I have been making up a list of new bikes that I am considering buying. On that list is a Trek 520. I ended up buying a 1986 520, I figured I could find out if I really like that 520.

My question is has the frame geometry changed from 86 to 2011? Will the 86 tell me if I will like a 2011 or not?

What advantages and disadvantages will a new 520 have over and 86 model?

I paid $398 for the old Trek, did I make a mistake doing this just to find out if I want a new one? I guess I am asking if it will it be hard to sell it for that much?


----------



## noob (Aug 22, 2011)

We're going to look at a 2000-2001 Trek 520 tomorrow, which is listed for $399.00 on CL. I heard the design has changed very little over the years, but I'm no expert. When I mentioned Trek 520 at a LBS, the guy laughed and wanted to up sell me on something else... Finding a used bike has been challenging.

What size is your 520?


----------



## jsidney (Aug 24, 2011)

noob said:


> We're going to look at a 2000-2001 Trek 520 tomorrow, which is listed for $399.00 on CL. I heard the design has changed very little over the years, but I'm no expert. When I mentioned Trek 520 at a LBS, the guy laughed and wanted to up sell me on something else... Finding a used bike has been challenging.
> 
> What size is your 520?


It is small but I have short legs and a long torso. The person selling it says it has a 29.5 inch stand over, my inseam is 30 inches, I am guessing with shoes and the fact the inseam is not total length I will be 2-3 inches above the bar. It is possible that this bike is going to be too small for me. I guess I will find out when it arrives.

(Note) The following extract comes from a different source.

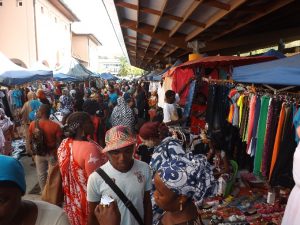 Un foule compacte à Mamoudzou pour les deniers jours de la foire
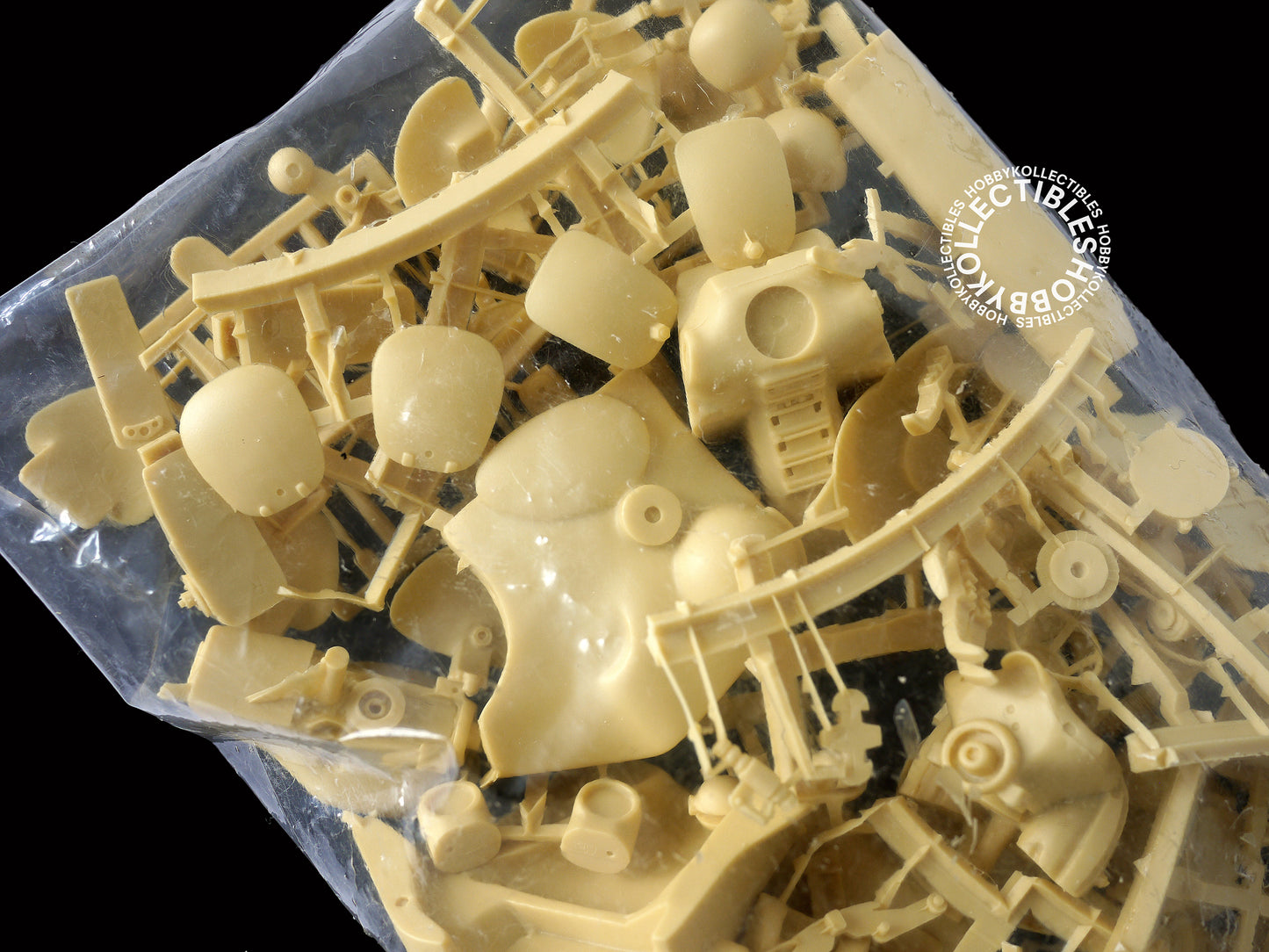 Ma.K Rainbow Egg SF3D 1/20 Grober Hund Resin Model Ki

Even if it is too small I don't think it will be a real loss. I will have a better idea on what size of bike I need and I should be able to sell it. It will also help me to some degree determine if I really want a new 520 or not.


----------



## jsidney (Aug 24, 2011)

noob said:


> We're going to look at a 2000-2001 Trek 520 tomorrow, which is listed for $399.00 on CL. I heard the design has changed very little over the years, but I'm no expert. When I mentioned Trek 520 at a LBS, the guy laughed and wanted to up sell me on something else... Finding a used bike has been challenging.
> 
> What size is your 520?


I wish I could find a 2000-2001 520 for $399.00 in my area. My area is not included in CL

Well, even if it did include my area it wouldn't help much, I bet only one bike would get listed a year.


----------